TASK » Would you copy the lines below exactly and omit the images?

DATA BELOW »
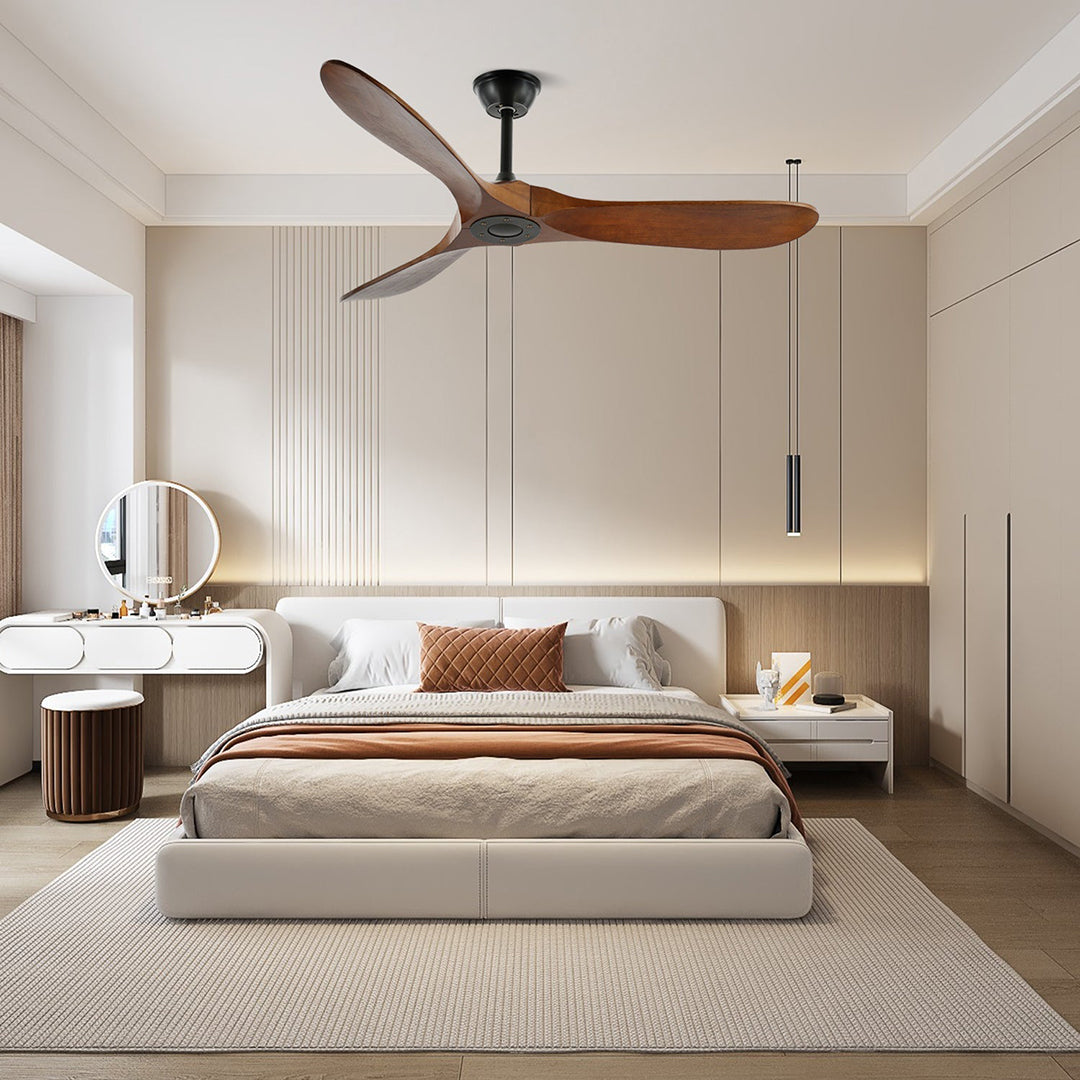 Wood Ceiling Fan – Quiet Copper Motor With Six Speed Control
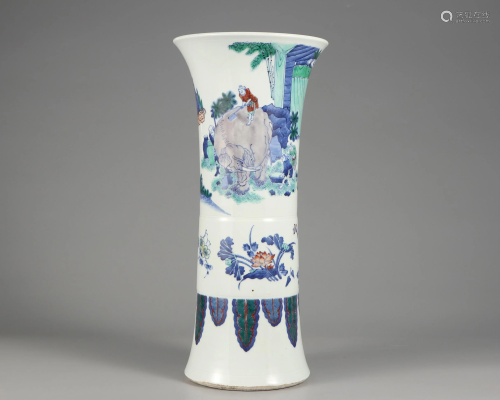 A Famille Verte Beaker Vase Gu Qing Dynasty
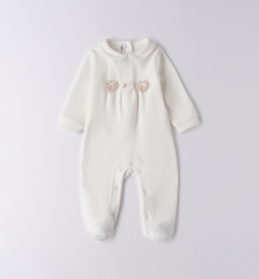 Dívčí sametové dupačky se srdíčky – smetanová SARABANDA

YOUR RESPONSE »
 Wood Ceiling Fan – Quiet Copper Motor With Six Speed Control
 A Famille Verte Beaker Vase Gu Qing Dynasty
 Dívčí sametové dupačky se srdíčky – smetanová SARABANDA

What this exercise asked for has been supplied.